**Problem description**
Your answer must be the exact lines from the one holding "Washed Organic Cotton Poplin Wide-Leg Pant" through the last line of the records below, with no pictures.
*** Opening of Extracted data ***
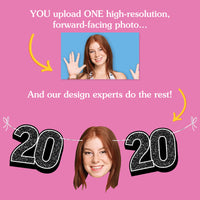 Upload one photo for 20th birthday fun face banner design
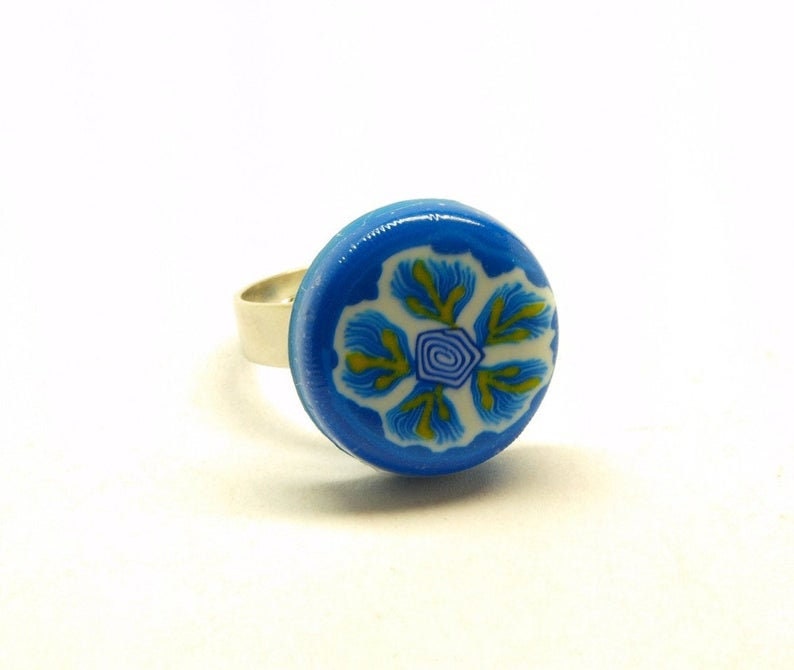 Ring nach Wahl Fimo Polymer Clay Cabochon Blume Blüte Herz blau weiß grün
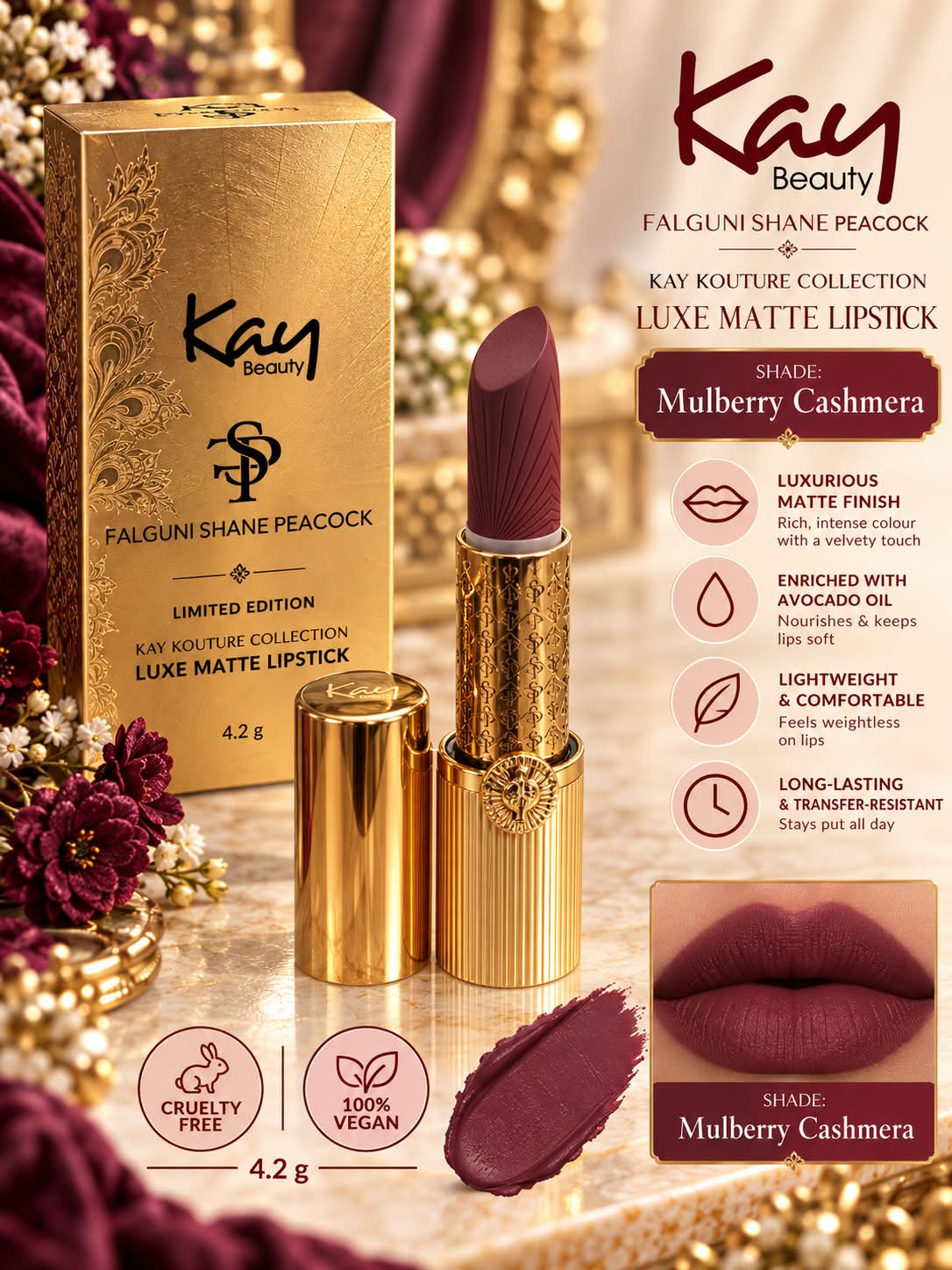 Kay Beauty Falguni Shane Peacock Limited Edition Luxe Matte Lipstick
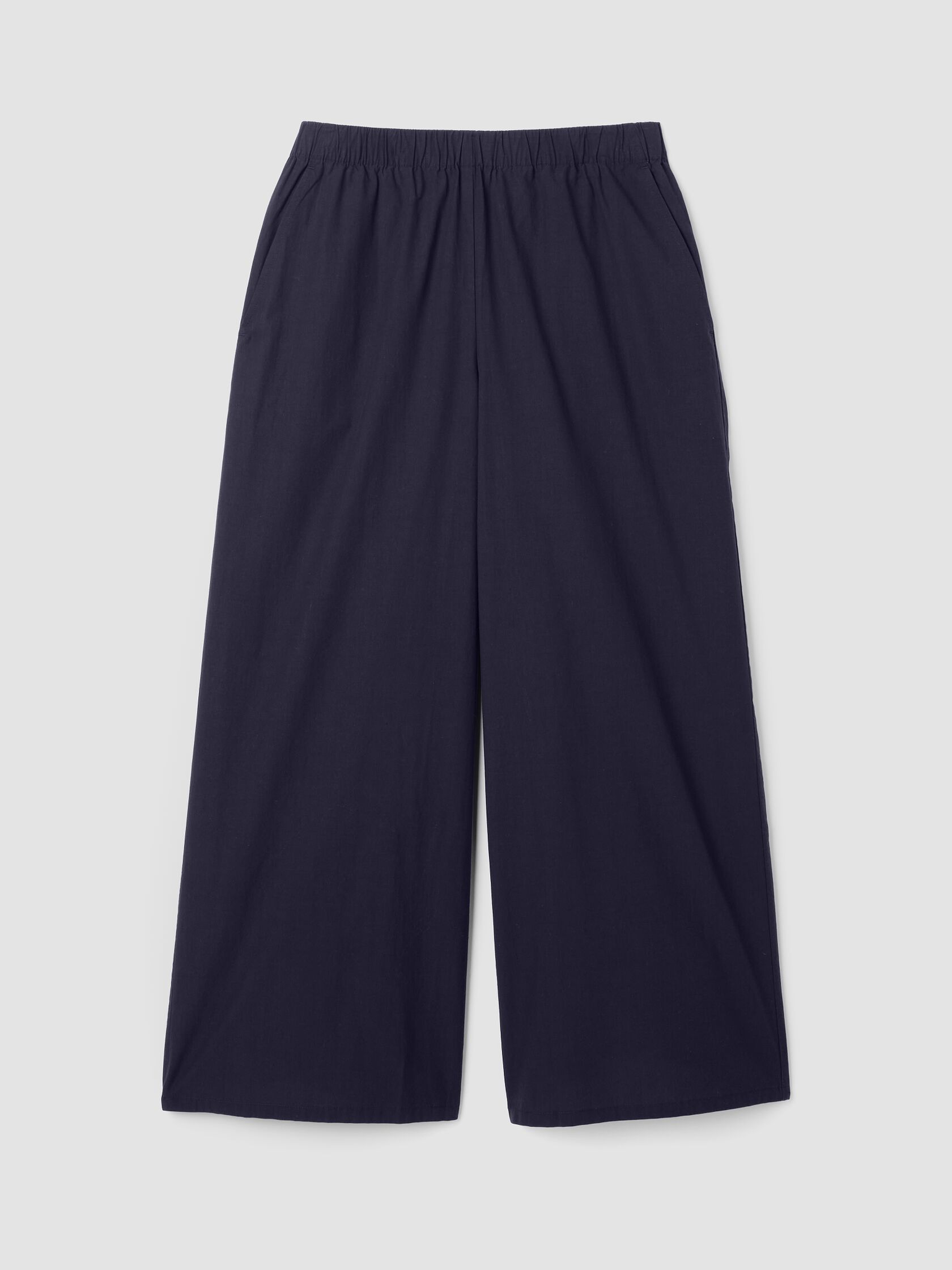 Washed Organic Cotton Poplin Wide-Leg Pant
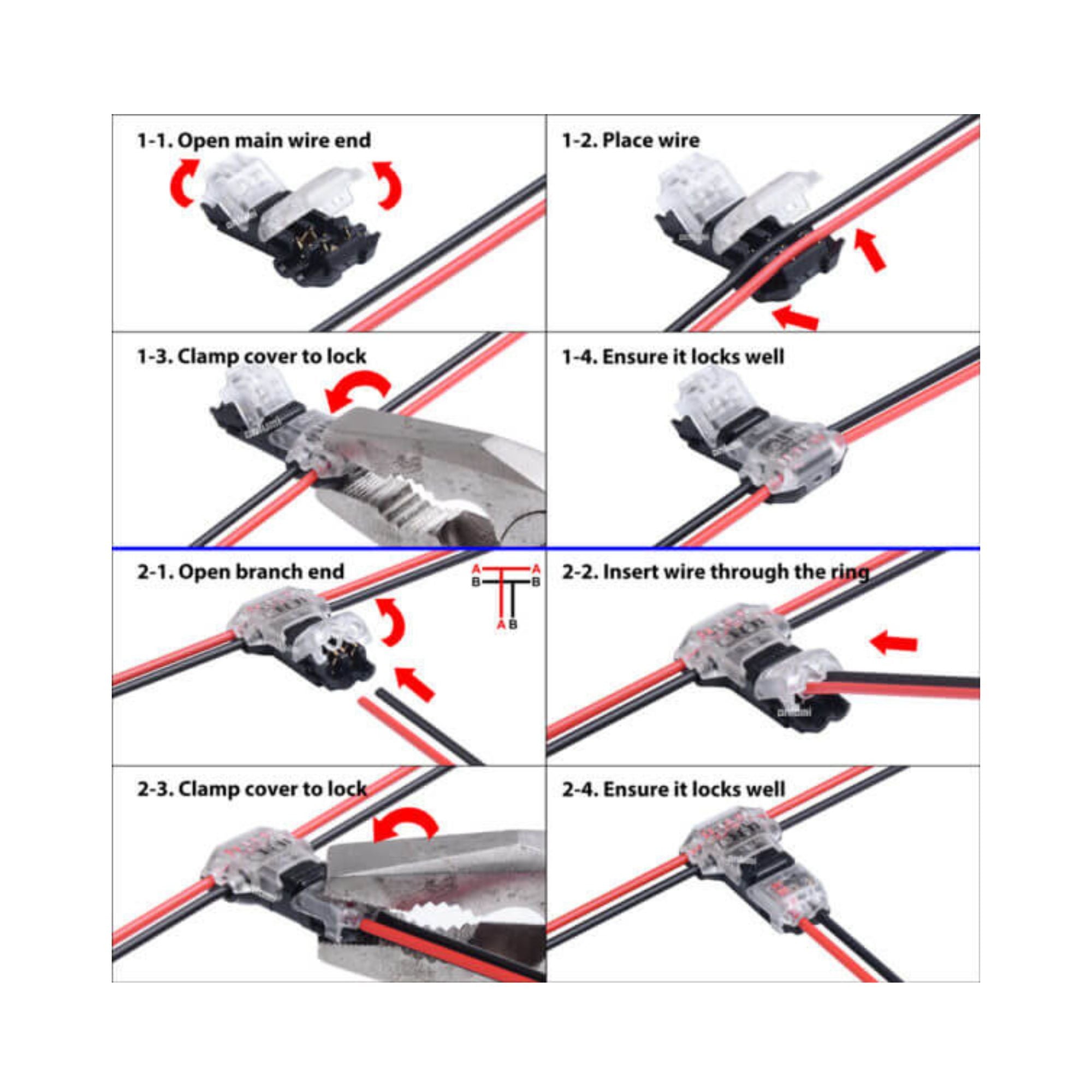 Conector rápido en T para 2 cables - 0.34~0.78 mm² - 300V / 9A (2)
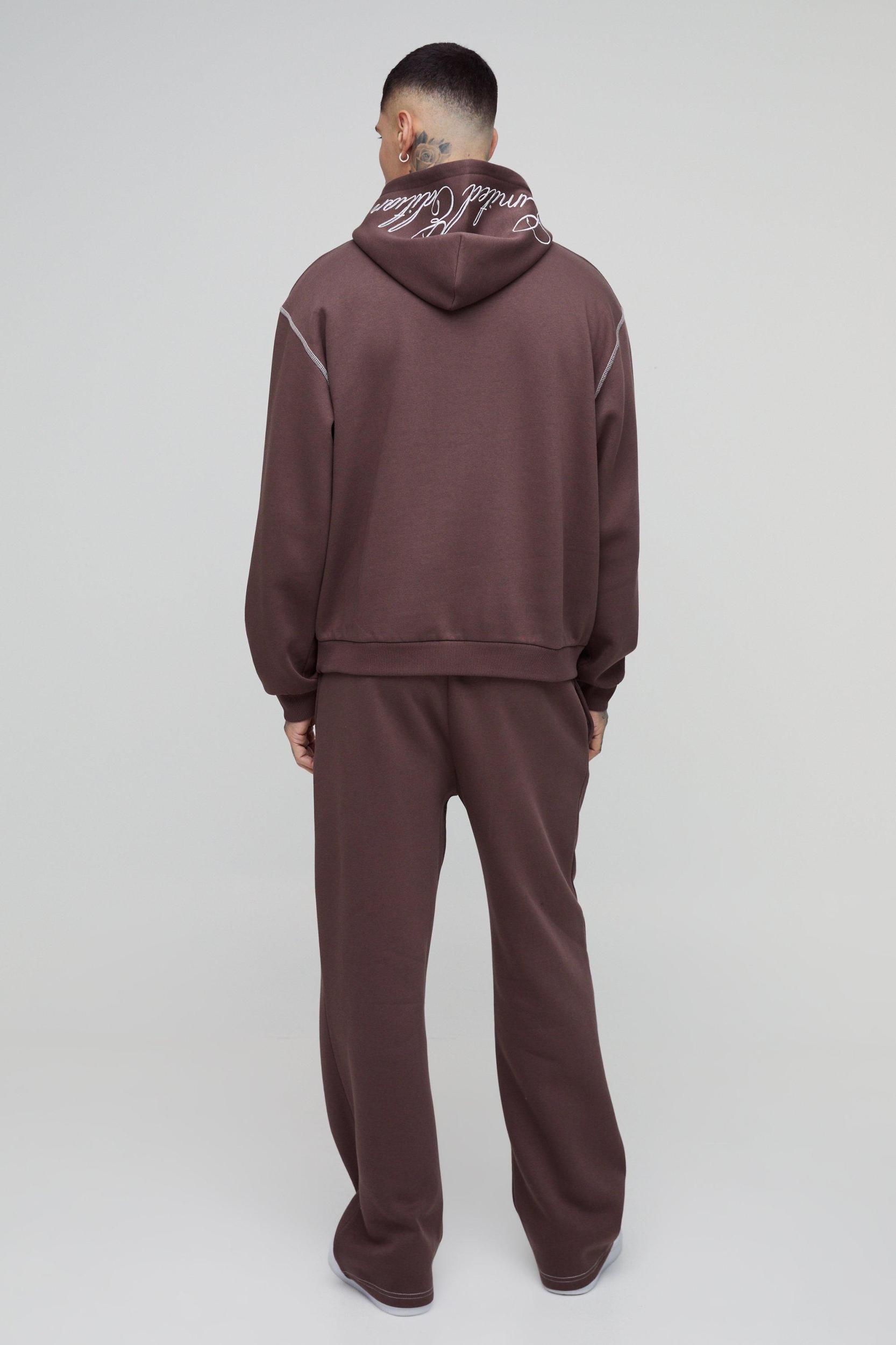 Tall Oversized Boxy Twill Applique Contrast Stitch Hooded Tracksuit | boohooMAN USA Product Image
*** Close of Extracted data ***
**Your response**
 Washed Organic Cotton Poplin Wide-Leg Pant
 Conector rápido en T para 2 cables - 0.34~0.78 mm² - 300V / 9A (2)
 Tall Oversized Boxy Twill Applique Contrast Stitch Hooded Tracksuit | boohooMAN USA Product Image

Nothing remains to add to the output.